Posted Sep 05 2013 3:00am

Probably the most common message my clients’ bodies relay is this: rest more.

In response to that message, most clients say things like:

But I don’t have time!

I’m already resting.

That can’t possibly be what I need.

But what if all I do is lie around like a sloth? How will I get things done?

I can’t listen to that message because I have so much to do.

I get it, because my body asks for more rest than seems appropriate to my mind. However, throughout this last year, I have learned a ton about resting, as well as my body and its messages. As a result, I’ve discovered three important things about resting that pretty much revolutionized how I rest. And you’ll notice that I’m a new mom, and here I am talking about rest. Yes! I’ve been forced to honor my true rest needs this year, so I am actually well-rested. I’ve discovered that taking care of my rest needs is pretty much where it’s at. It’s the most important thing I can do for myself.

Here’s what I’ve discovered: when my body is screaming for rest, it means I’ve waited too long to rest. I missed the subtler clues that were much less uncomfortable. The remedy for this is to binge on rest. By this I mean use any and all time I can to rest – while my kiddo is napping, going to bed early, and anytime I can find a sitter for an extra hour or two.

This might seem scary at first. The mind says – OH NO! I’ll never get anything done!

However, this is not true. The binge catches me up and then I am actually energized and able to get anything done more quickly and easily than before and it’s MUCH better than if I tried to slog through it, exhausted. Once the binge is over (it just sort of ends), I feel much better and am able to pay attention again to the subtler rest cues my body sends. (And honor them!)

This is something I do to ward off exhaustion, keep my newfound and hard-won health, and stay centered in my body awareness. I take 10-15 minutes in the morning, at lunch, and after dinner to lie down, breathe, and check in with my body. Even if I’m not tired in the least, I do this resting. I use my mind-body tools .  I feel my nervous system relax into rest and digest. I get tingly all over, like I’m getting a massage or just took a dose of morphine. I let myself yawn, stretch, and breathe.

I also take a minute to see if I’m addressing all my needs. Am I thirsty? Hungry? Do I need to feel an emotion? Is there something my intuition is trying to tell me?

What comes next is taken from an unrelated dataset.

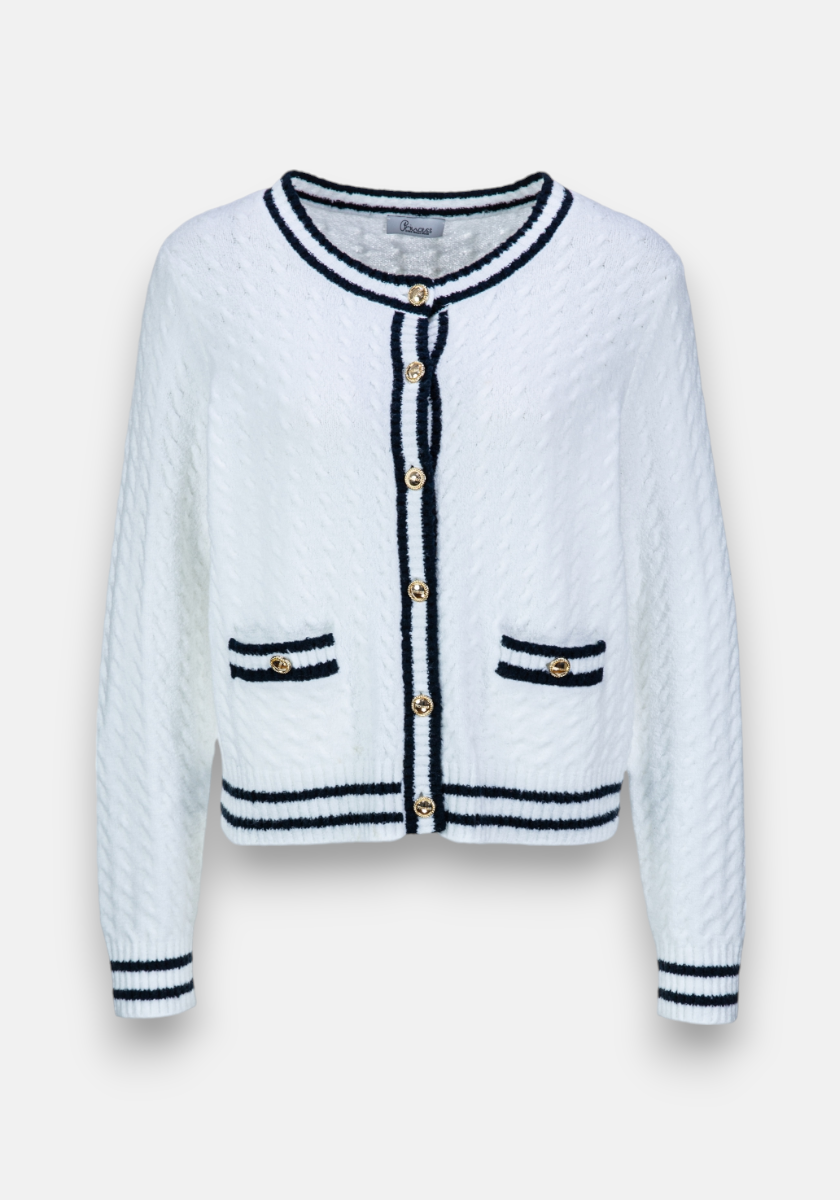 Contrast cable knit cardigan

This resting means taking the rest and digest feeling with me when I get up from the bed. I do little check-ins during the day as I’m doing activities. Whether I’m cooking, playing with my kiddo, walking, doing yoga, or working, I can pay attention to my body and my internal sense of awareness. I can notice my feet touching the floor. I can feel my energy drop down into my body if it starts floating up into my head in the form of worries, stress, or rumination. I can watch my breath for a moment.

The mind likes to judge rest as slothful or lazy. It likes to tell us to push onward and ignore the body’s rest signals. However, this is all just mind-noise. Rest, and being rested while going about the day, is an incredibly important piece of health, well-being, and inner peace. A fully synced-up mind and body allow rest to take place and feel good as a result. Rest is a mix of naps, sleep, and letting the nervous system drop out of fight or flight. I don’t count watching TV or reading as resting, because I’m not as deeply relaxed when I’m doing those activities. I count those as fun entertainment, so when it’s time for a rest binge, I don’t do them until I feel energized again. I’ve found they can actually prevent me from getting rest (especially if they are particularly engaging).

There is much talk about mindfulness these days, but not as much about restfulness. The secret is that mindfulness is restfulness. I prefer to think of it as restfulness, actually. When I rest into this moment, I am present. I am resting here. I’m not trying to get there, or there, or there. I’m just resting here. Now.